Member of the House of Representatives
- In office 1977
- Preceded by: M. T. Khan
- Succeeded by: Ishwari Prasad Bajpai
- Constituency: North-Eastern Indo-Fijian National
- In office 1972–1977
- Succeeded by: Ram Sami Goundar
- Constituency: Tavua–Vaileka Indo-Fijian Communal
- In office 1966–1972
- Constituency: North-East Viti Levu Indo-Fijian

Nominated Member of the Legislative Council
- In office 1963–1966

Personal details
- Born: 1920 or 1921
- Died: December 1983 (aged 62) Wollongong, Australia
- Party: Federation Party, NFP
- Profession: Farmer

= C. A. Shah =

Fijian politician (died 1983)

Chirag Ali Shah (died December 1983) was an Indo-Fijian farmer and politician. He was a member of the Legislative Council and House of Representatives from 1963 to 1977.

==Biography==
A cane farmer in Ra Province, Shah joined the Legislative Council in 1963 when he was one of the two Indo-Fijian members appointed to the legislature by the Governor. Previously, nominated members had been largely pro-government but Shah aligned himself with the opposition. This group, known as the Citizens Federation, and including farmers union representatives A. D. Patel, Sidiq Koya, and James Madhavan, later formed the first political party in Fiji, the Federation Party.

Shah's inclusion in the new political party provided diversity to the hierarchy of the party which was dominated by lawyers, businessmen and academics.

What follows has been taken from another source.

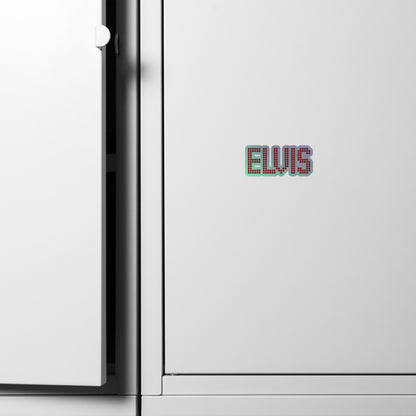 A close-up of a white cabinet with a small colorful 'ELVIS' text decal on the front, next to the open door hinge.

He took part in the 1965 Constitutional Conference in London with his other colleagues in the Federation Party. In the 1966 elections he won the North-East Viti Levu seat for the Federation Party in a three-way contest with 58% of the vote. The Indo-Fijian members all resigned two years later to protest government policies, with Shah re-elected in the subsequent 1968 by-election.

He was re-elected again in the 1972 elections in the Tavua–Vaileka Indo-Fijian communal constituency, and from the North-Eastern national constituency in the March 1977 elections. However, he lost his seat in the September 1977 elections.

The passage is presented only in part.